Digital Science are Gold Sponsors of this year’s event. Join us for our presentations in the ‘Data Integration and FAIR’, and ‘AI in Drug Discovery and Development’ tracks, and visit us in the exhibit hall!
Data Integration and FAIR track
The Foundation for Trustworthy AI: From FAIR Data Principles to Enterprise-Ready AI in Pharma
Speaker:
Mark Hahnel, VP of Open Research, Digital Science
Abstract:
The pharmaceutical industry faces a “scientific content crisis” where over half of professionals cite poor data quality and non-FAIR data as major barriers to AI implementation. A significant governance gap exists: 27% of professionals cannot trace the evidence chain powering their AI, and 38% have unclear copyright policies, leading to legal and regulatory risk (e.g., under the EU AI Act). This session provides an actionable blueprint to solve this crisis. We demonstrate how FAIR principles offer the necessary policy and metadata foundation, and how knowledge graphs serve as the operational layer to make that foundation actionable. Attendees will leave with five strategic recommendations, including the need to treat data infrastructure as a strategic investment, embrace neuro-symbolic architectures (like GraphRAG) to eliminate hallucinations, and build for machine actionability from day one to ensure AI systems are not only powerful but audit-ready and trustworthy.

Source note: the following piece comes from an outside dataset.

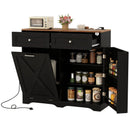 Tilt Out Trash Can Cabinet with Outlets and Adjustable Shelf by LJGDeals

AI in Drug Discovery and Development
A Practical Path to AI-Grounded Drug Discovery with Knowledge Graphs
Speaker:
Mark Hahnel, VP of Open Research, Digital Science
Abstract:
Large Language Models (LLMs) often suffer from a critical failure mode in drug discovery: hallucination and a lack of semantic intelligence. This presentation moves beyond theoretical promise to showcase practical, knowledge-grounded AI applications that deliver measurable value across the drug discovery pipeline today. We will examine proven use cases, including target identification, drug repurposing, polypharmacy prediction, and adverse drug reaction prediction, where the systematic integration and traversal of interconnected biological knowledge via knowledge graphs have surfaced non-obvious, clinically relevant connections. The core solution is the neuro-symbolic approach, specifically Graph-based Retrieval Augmented Generation (GraphRAG), which uses the knowledge graph as a verifiable grounding layer to transform probabilistic LLMs into reliable reasoning systems. Learn how to connect your internal knowledge with the broader research intelligence ecosystem using persistent identifiers (ORCID, DOI, ROR) to accelerate your pipeline.